Rijksmuseum, Amsterdam
Meindert Hobbema, A Watermill

Meyndert HOBBEMA
Amstedam 1638—Amsterdam 1709

Meyndert Hobbema was born in 1638 in Amsterdam. He adopted the name Hobbema as a young man, though it does not appear to have been used by his father. He was a pupil of Jacob van Ruisdael, who testified in 1660 that Hobbema served and learned with the for a few years. Though he learned from the example of other landscape artists, Hobbema was very close to his master for several years, even on one occasion basing a painting on an etching by Ruisdael. By the time he was twenty-five, Hobbema was at the height of his powers and the rival of his master. Though he never achieved the range or profundity of Ruisdael, he was a much more fluent painter and his sparkling, tightly wrought, and well-wooded landscapes, though repetitious, are approaching perfection. Then, in 1668, his thirtieth year, he married the kitchen-maid of an Amsterdam burgomaster and became one of the wine-gaugers of the Amsterdam octroi, a form of customs and excise officer. The post was well-paid and he held it to the end of his long life, a further forty-one years. And for forty-one years, he appears to have painted little.

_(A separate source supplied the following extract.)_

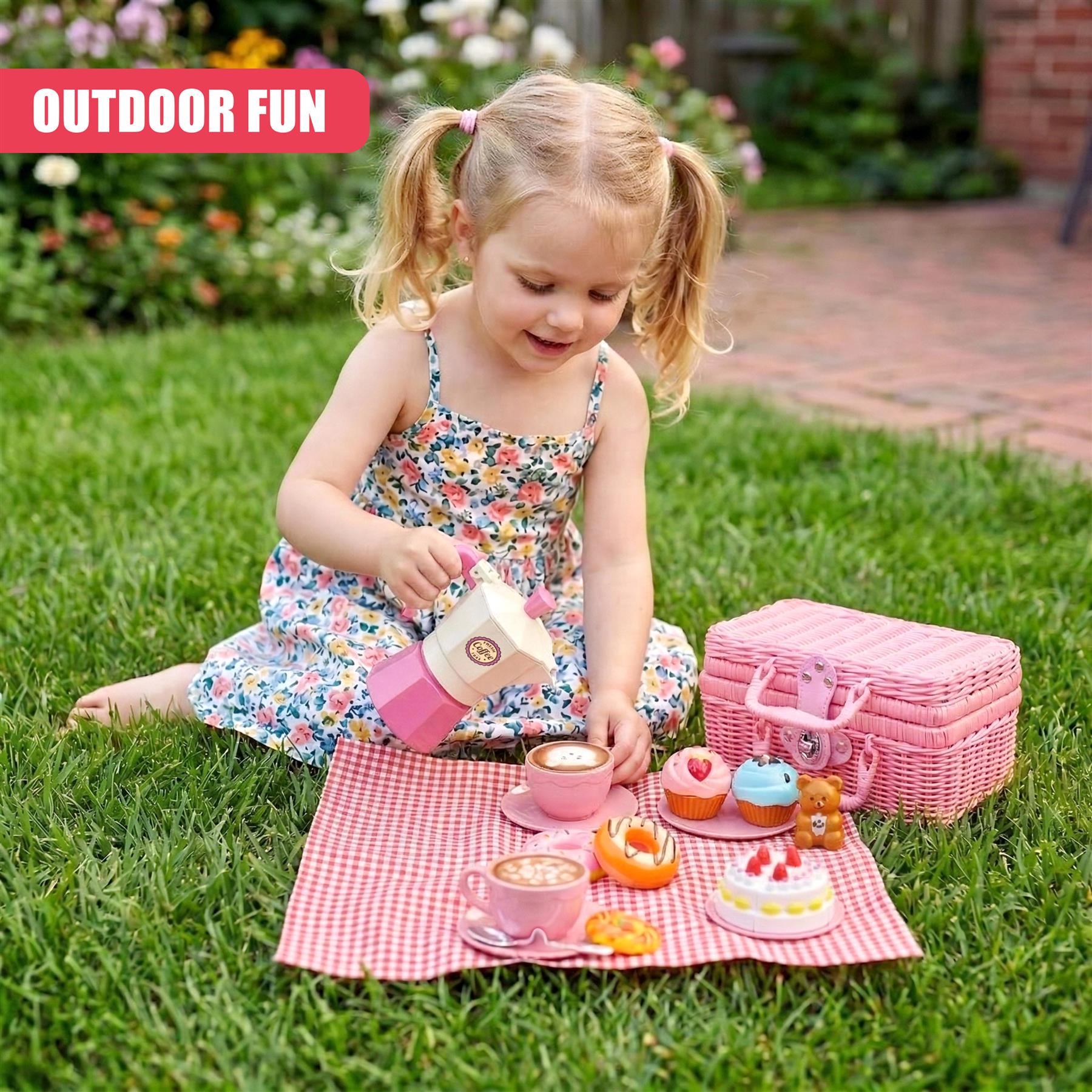 Pink picnic basket, tea set, and snacks arranged on a checkered blanket for outdoor play.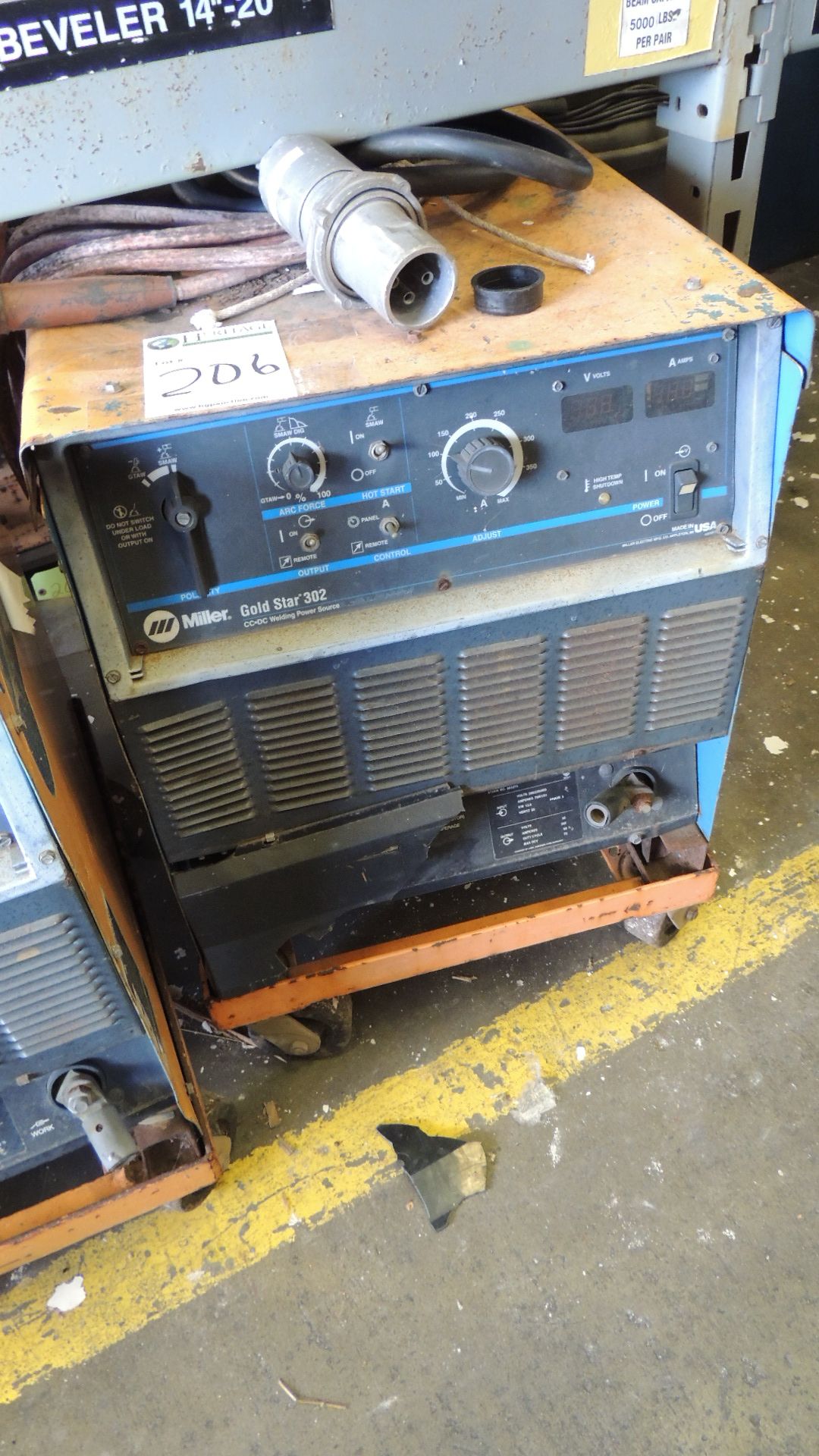 Welder. Miller Gold Star 302 CC.DC welding power source, on casters, volts and amps digital readout,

Until recently it was believed by art historians that he had stopped painting altogether after 1668. For a long time the date on the famous Avenue, Middelharnis in the National Gallery, London, was read as 1669 because it appeared incredible that this masterpiece had been painted long after Hobbema's other major works. But as a result of recent cleaning the date has been shown to be 1689, and now more paintings-though still relatively few-have been related to those later years. Hobbema died in Amsterdam on 7 December, 1709.